Autour des médecins gravite une armée de huit assistantes médicales, une infirmière à temps plein et deux externes en médecine. L’objectif est que les praticiens, délestés des tâches administratives, se concentrent sur leur cœur de métier soignant. « Nous avons un seul logiciel partagé. Et quand j’ouvre le dossier d’un patient, je vois tout de suite ses consultations de cardiologie, de diabétologie, ses examens respiratoires, même si ce n’est pas moi qui les ai prescrits », résume la Dr Kamtchueng. Cette mutualisation permet de fluidifier le parcours de soins et d’éviter une éventuelle perte d’informations, voire des redondances d’examens.
La communication directe entre médecins fait gagner du temps, et surtout améliore la qualité des soins
Dr Sadjad Rafi, généraliste et maître de stage
La valeur ajoutée se mesure notamment dans la prise en charge des parcours complexes. Ainsi ce patient venu du Mans pour un essoufflement. « Dans la même journée, il a vu un cardiologue, un pneumologue et un médecin vasculaire. Il a passé ses épreuves fonctionnelles respiratoires et réalisé une partie de son bilan préopératoire. Normalement, cela aurait pris des semaines avec plusieurs allers-retours », illustre la spécialiste.

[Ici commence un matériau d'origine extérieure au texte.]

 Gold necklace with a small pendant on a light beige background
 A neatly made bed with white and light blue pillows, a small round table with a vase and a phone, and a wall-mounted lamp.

Une telle organisation présente une simplification pour les patients comme pour les praticiens du réseau. « La communication directe entre médecins fait gagner du temps, et surtout améliore la qualité des soins », se félicite le Dr Sadjad Rafi, généraliste et maître de stage, qui travaille deux jours par semaine au cabinet. « Ici, on peut aussi échanger de vive voix, sans passer par des courriers ou des mails interminables », ajoute le praticien de 34 ans, qui affiche un suivi de plus de 700 patients.
Un modèle qui séduit
Depuis son ouverture, le cabinet assure environ 200 consultations par jour, avec des créneaux d’urgence réservés aux patients adressés par les établissements voisins (Saint-Joseph, Montsouris, Cochin). « Quand un service d’urgences nous appelle, nous voyons le patient dans les 24 à 48 heures. »

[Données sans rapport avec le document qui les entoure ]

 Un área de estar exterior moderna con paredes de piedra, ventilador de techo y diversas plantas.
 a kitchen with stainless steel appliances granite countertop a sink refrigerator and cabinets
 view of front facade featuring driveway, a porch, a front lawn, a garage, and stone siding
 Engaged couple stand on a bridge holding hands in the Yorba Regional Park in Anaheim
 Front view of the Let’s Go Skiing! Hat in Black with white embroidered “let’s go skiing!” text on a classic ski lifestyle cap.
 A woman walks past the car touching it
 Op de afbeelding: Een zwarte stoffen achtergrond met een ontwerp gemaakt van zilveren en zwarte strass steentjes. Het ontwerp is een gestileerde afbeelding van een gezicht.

Cardiosphère a franchi une étape supplémentaire en créant une unité d’insuffisance cardiaque. Le suivi des patients les plus fragiles s’opère en binôme médecin-infirmière. « Celle-ci est formée spécialement pour assurer le suivi rapproché et les adaptations thérapeutiques, décrit la cardiologue. La télésurveillance est utilisée pour détecter les signes précoces de décompensation. » L’objectif est d’éviter les ré-hospitalisations, vécues comme un échec évitable. Ce projet, soutenu par la CPTS locale, a été présenté à l’ARS pour obtenir un label et un financement. « Même sans ce feu vert, nous avons déjà 90 patients suivis dans ce cadre », s’enthousiasme la Dr Kamtchueng.
Cardiosphère développe ainsi un modèle innovant de structure libérale légère. « C’est suffisamment lourd pour porter un projet médical coordonné… mais suffisamment souple pour éviter les lenteurs administratives de l’hôpital », résume la cardiologue. Cette médecine de parcours se développe en cardiologie mais aussi en gynécologie ou en santé mère-enfant.